Growing into adulthood, however, Ms. MacBain ran aground on what seemed like irreconcilable messages in Scripture. In First Corinthians alone, for example, Verse 14:34instructed women to be silent in church, while Verse 11:5 referred to women praying and prophesying. If text is divinely inerrant, as Ms. MacBain had been taught, how could both statements be true?
She tried to solve her dilemma — and answer God’s call — by earning a degree from Duke Divinity School and being ordained as a United Methodist minister in the early 2000s. She took her Christian mantra from the denomination’s co-founder John Wesley: “In the essentials, unity. In the nonessentials, liberty. In all things, charity.”
Yet despite her sense of purpose in aiding the needy, despite her professional pride in a well-prepared sermon, her doubts never subsided. They ultimately led her to write that letter just before Easter 2012.

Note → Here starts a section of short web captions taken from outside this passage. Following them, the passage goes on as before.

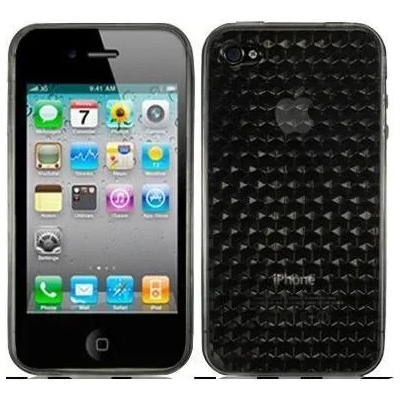 Apple iPhone 4 Силиконов Калъф Черен + Протектор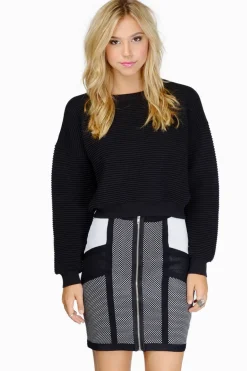 Tobi Around The Block Front Zipper Mini Skirt -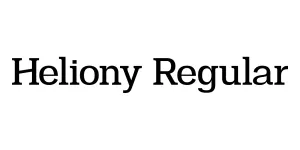 Heliony Regular Font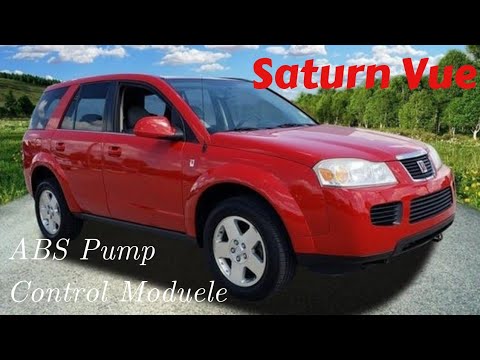 Saturn Vue ABS light on ABS pump control module replacement how to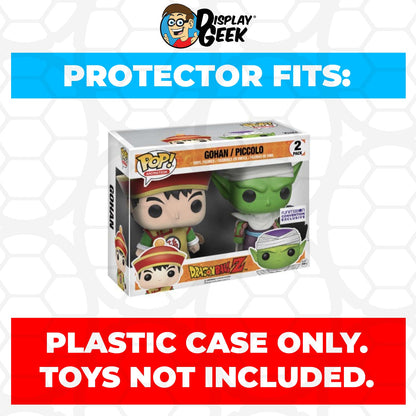 Pop Protector for 2 Pack Gohan & Piccolo Funko Pop - PPG Pop Protector Guide Search Created by Display Geek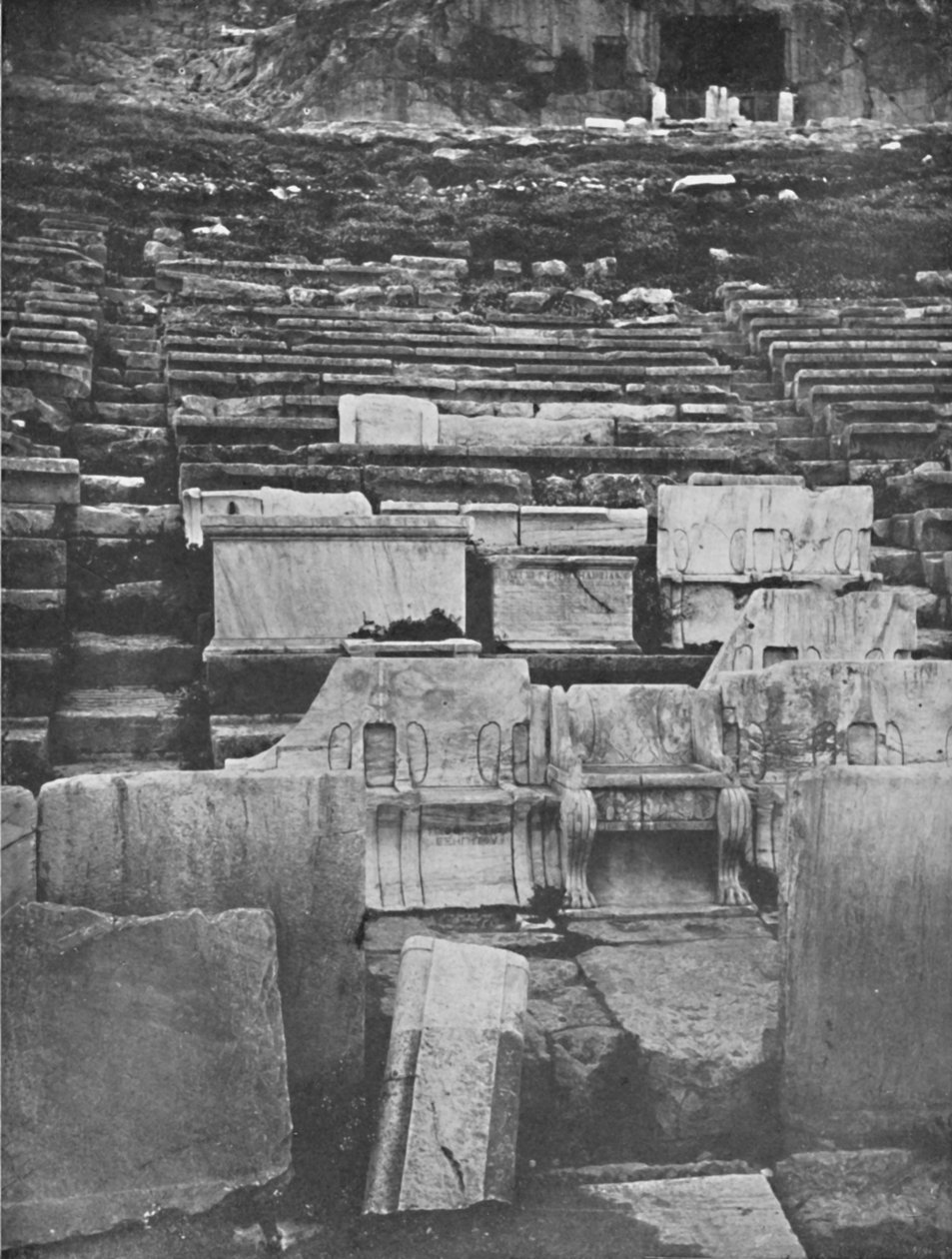 Dionysos Teater, Athen, 1913 af Unbekannt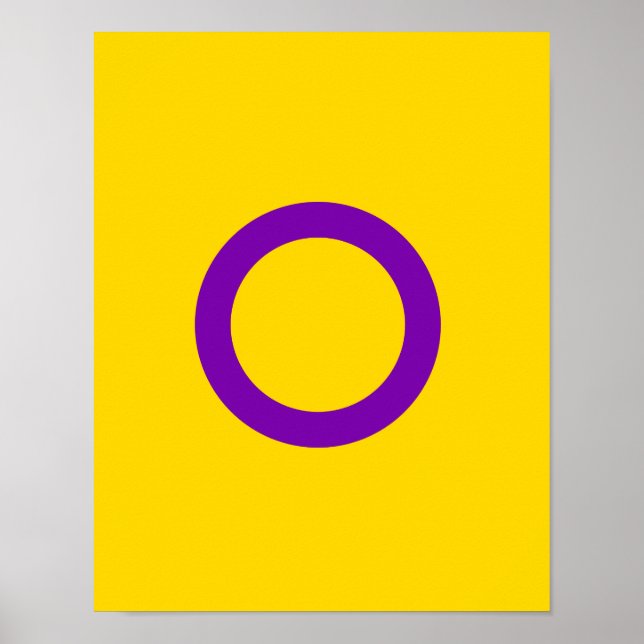 POSTER FIERTE INTERSEXUÉE (Devant)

An atheist would never believe in providence, so let’s just say that by very welcome coincidence Ms. MacBain found herself speaking at the American Humanist Associationconvention one month later, with Mr. Epstein in the audience. After she finished her address — using the characters in “The Wizard of Oz” as examples of how to build community — he approached her.
“I can’t believe you just said those things,” she recalls his having told her. “I’ve been working on them for 10 years.”
Then he described the Humanist Community at Harvard, which was previously unknown to her. He was in the process of raising its annual budget to $500,000 from $28,000. And his immediate goal was to hire a point person to assist nascent congregations of nonbelievers.
Seven weeks ago, moving from Tallahassee to Cambridge, Ms. MacBain became that person.
“Without knowing it at first,” she said of herself and Mr. Epstein, “we were on the same page, seeing the desire of people — atheists, humanists, nonbelievers — who want to connect into a community and don’t know how. Within the free-thought world, the secular world, it’s desired, but the resources to build it haven’t been there.”